The strengths and limitations of this study should be addressed here. The main strength of our study is the databases we used, with a high rate of completeness of the birth certificates (93% on average) and the large population size, resulting in a high statistical power when stratifying the statistical analysis by neighborhood deprivation category. However, one limitation related to the stratified analysis is the high number of missing values that we imputed using information available at the census block scale. Doing so, we increased the level of correlation between the distribution of individual characteristics and that of the neighborhood. Hence, we decreased between-subject variability within census blocks, especially among the most deprived census blocks in which the rate of the missing value was twice higher compared to the most privileged ones. However, our results consistently reveal significant relations with the FFGC variable; this may suggest that imputation values did not have a significant influence on this main result but rather much more on the measure of the associations and their level of significance between exogenous variables and the FFGC variable. Additionally, our study presents the advantage of consider three birth outcomes together in the same analysis while the majority of the epidemiological studies investigated each one separately when data of several outcomes were available. A methodological approach taking into account that correlation between the birth outcomes is more realistic, knowing, for instance, that small gestational age reduces the birth weight and height. While the development of the structural equation model has existed for a long time [
29,
30,
31], to date, few studies have dealt with birth outcomes [
12,
13]. We encourage new research conducted in the perinatal field to adopt this approach.

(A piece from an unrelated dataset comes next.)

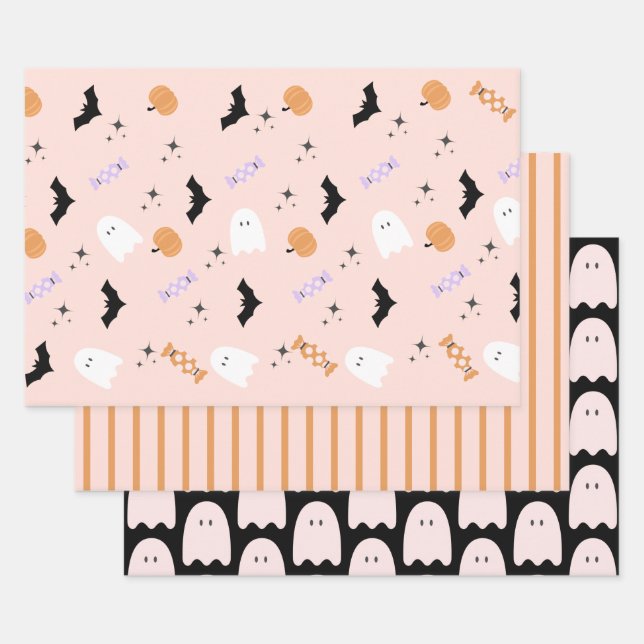 Modern Spooktacular Halloween Party Wrapping Paper Sheet (Set)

The main limitation of our study is the absence of certain mothers’ characteristics, such as maternal height and weight (or the body mass index), smoking habits or alcohol consumption during pregnancy; these factors are all known risk factors of adverse birth outcomes. However, we took into account individual and neighborhood socio-economic information, which are documented to be related to unhealthy behaviors; thus, we believe that we partially captured these missing risk factors thanks to these socioeconomic data, and thus minimized the resulting bias. Additional limitation of this study concerns the difficulty to extrapolate our findings to other French areas. Indeed, the Ile de France region is one of the French regions where the proportion of population with a high level of education is the highest (
https://www.insee.fr/fr/statistiques/1288219). This may have influenced the association with the latent variable and needs to be investigated in other areas with various socioeconomic profiles.
In addition, in our study, only one variable, occupational status, was available to characterize the socioeconomic position of the father. In future research, it could be very interesting, of course, to consider the level of education of the father and of the mother in the same analysis.